Sous le ciel d’arbre et de pierre
Le vent s’engouffrait dans les ruelles étroites du vieux village comme un souffle venu d’un autre
temps. Les façades, rongées par les saisons, semblaient observer d’un air fatigué le passage du
matin. Au centre, la place principale s’éveillait lentement : quelques volets claquaient, un chat
traversait la rue, et les premières odeurs de pain chaud se mêlaient à la rosée.

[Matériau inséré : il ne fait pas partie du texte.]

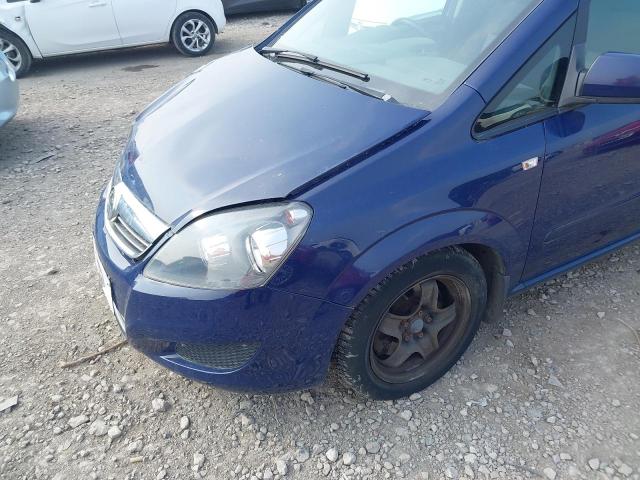 2013 VAUXHALL ZAFIRA EXC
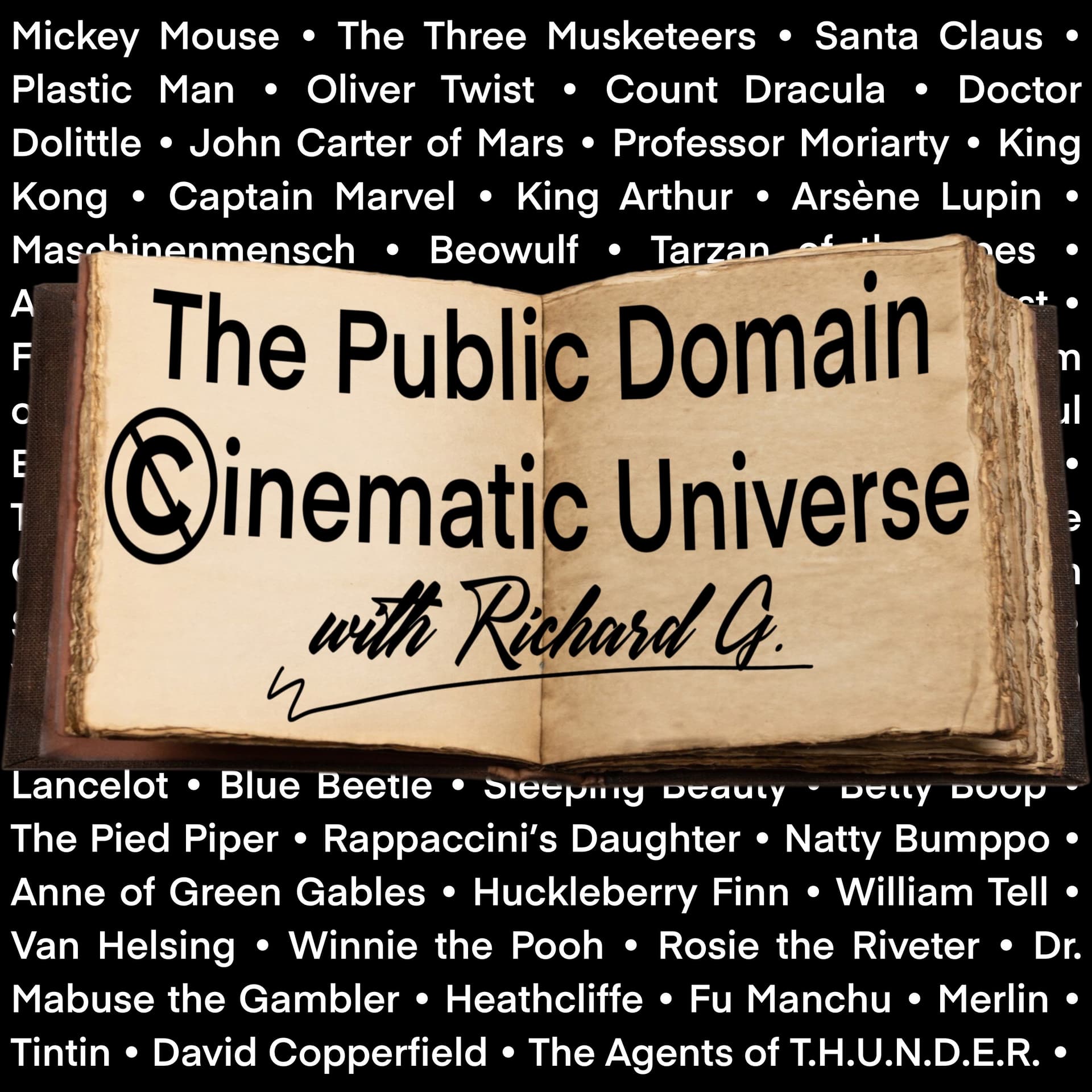Public Domain Cinematic Universe - Podcasts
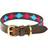 Weatherbeeta Dog Collar l Brown/Pink/Blue
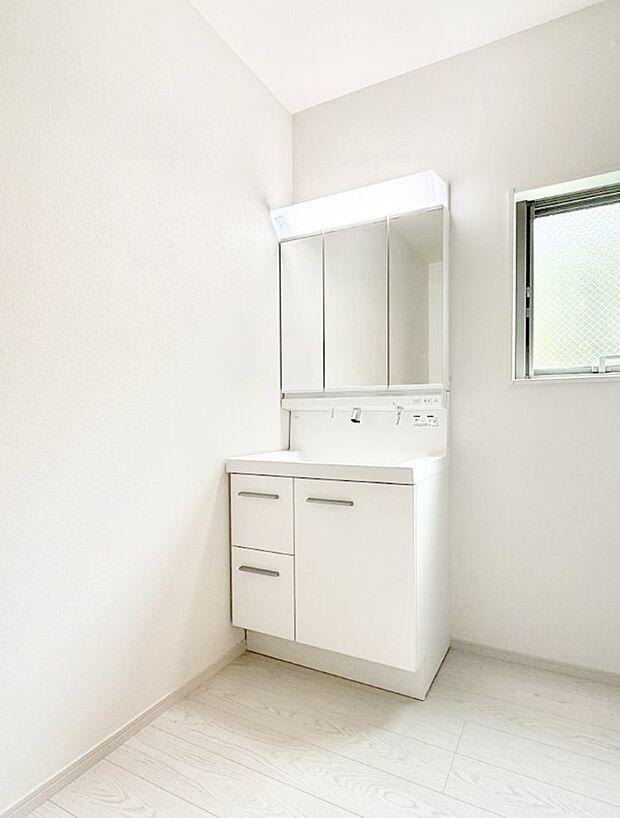 ■お洒落で清潔感のある洗面所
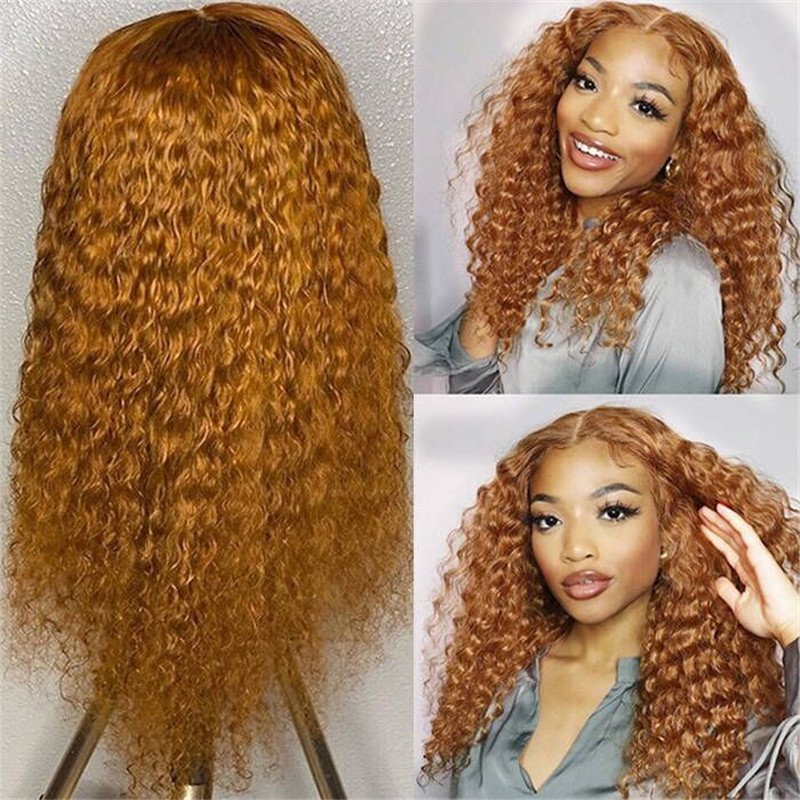 # 30 Color 13X4 Hd Lace Front Human Hair Wigs For Black Women Pre Plucked Lace Wig - Image 2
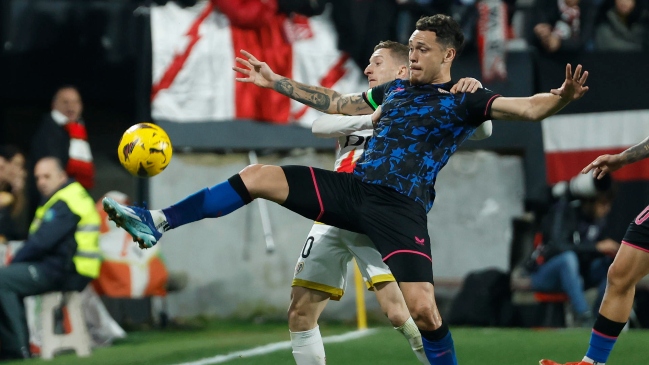 La Liga denunciará gesto obsceno contra Lucas Ocampos ante la Fiscalía de Menores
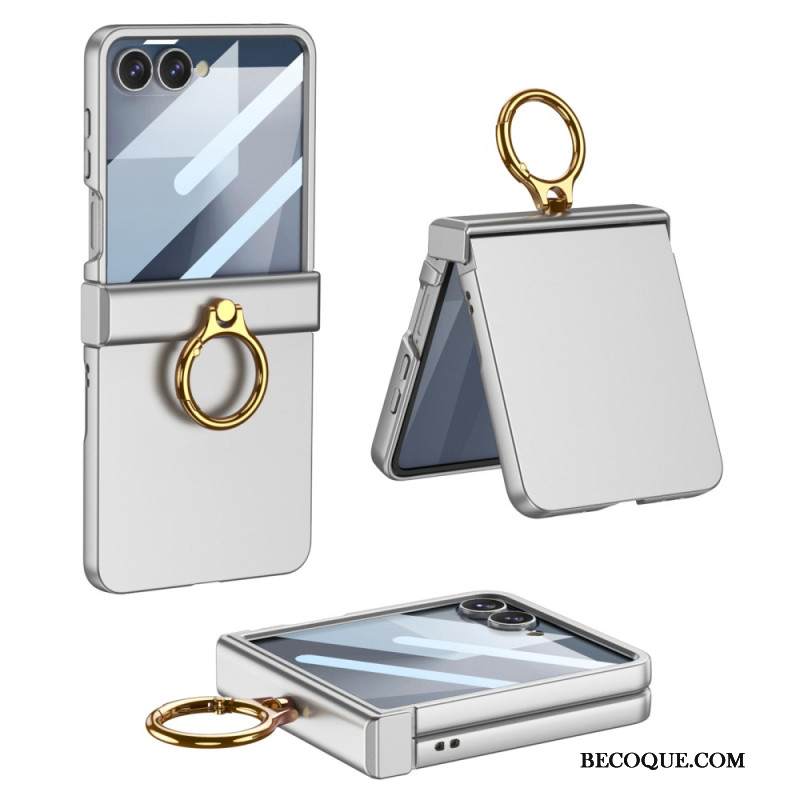 Kuori Samsung Galaxy Z Flip 7 Klassinen Gkk-sormuspidike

Ilyan marchait seul, son manteau usé serré contre lui. Il était revenu pour la première fois depuis dix
ans. Dix ans qu’il n’avait pas foulé ces pavés où, enfant, il courait à perdre haleine en rêvant
d’ailleurs. L’ailleurs, il l’avait trouvé : des villes lointaines, des visages qui s’effacent, des
promesses laissées derrière. Mais au fond, c’était ce village, minuscule et oublié, qui l’avait toujours
habité.
Sur la colline, l’église dominait encore les toits. Autour d’elle s’étendait le cimetière, et c’est là
qu’il allait. Il gravissait la pente, chaque pas résonnant dans le silence, chaque souvenir revenant
comme un fragment de lumière. Sa mère reposait ici, sous une pierre blanche marquée de mousse. Il
posa la main sur le nom gravé. La pierre était froide, mais sous ses doigts il y sentit la chaleur
fragile d’une présence.
Il resta longuement sans parler, bercé par le murmure des arbres et les cloches d’un midi lointain. Il
aurait voulu lui raconter tout ce qu’il avait vécu — les routes, les mers, les rues de pluie, les visages
croisés, la solitude aussi. Mais les mots ne sortaient pas. Ce silence, il l’accepta comme une
confession partagée : tout ce qu’il n’avait pas su dire, elle le comprenait déjà.
En redescendant vers le village, Ilyan remarqua un enfant, assis près de la fontaine. Le petit tenait
dans ses mains un morceau de bois qu’il taillait maladroitement pour en faire une sorte de bateau.
Fasciné, il s’arrêta.
— Tu veux qu’il flotte ? demanda-t-il.
— Oui, mais il coule toujours.
Ilyan sourit, prit le bateau, observa la fente dans la coque, puis la boucha avec un brin d’argile
trouvé entre les pierres.
— Maintenant, essaie.
L’enfant posa le petit bateau sur l’eau. Il dériva quelques instants, tanguant légèrement, avant de
retrouver son équilibre et de filer au milieu du bassin. Le gamin leva la tête, émerveillé.
— Comment t’as fait ?
— J’ai juste appris à réparer ce qui ne doit pas couler.
L’enfant rit, puis s’éloigna vers la maison voisine en criant qu’il avait réussi. Ilyan resta encore un
moment, observant le mouvement tranquille de l’eau. Il comprit alors que ce retour n’était pas un
adieu, mais un recommencement — que tout ce qu’il cherchait depuis des années, il l’avait laissé
ici, à la source de son propre chemin.
Le soir tombait lentement. Au loin, les montagnes prenaient cette teinte bleutée qu’il avait oubliée.
Les premières étoiles perçaient, comme des souvenirs lumineux sur un ciel lavé. Il sortit un carnet
de sa poche et écrivit seulement : « Revenir, c’est apprendre à voir de nouveau. »
Il referma son manteau et descendit vers la lumière qui s’allumait dans les maisons. Le vent lui
rappelait le murmure d’une voix aimée — douce, presque inaudible, mais toujours là. Pour la
première fois depuis des années, il se sentit en paix, entre l’arbre et la pierre, sous le ciel qu’il avait
cru perdre et qu’il retrouvait enfin.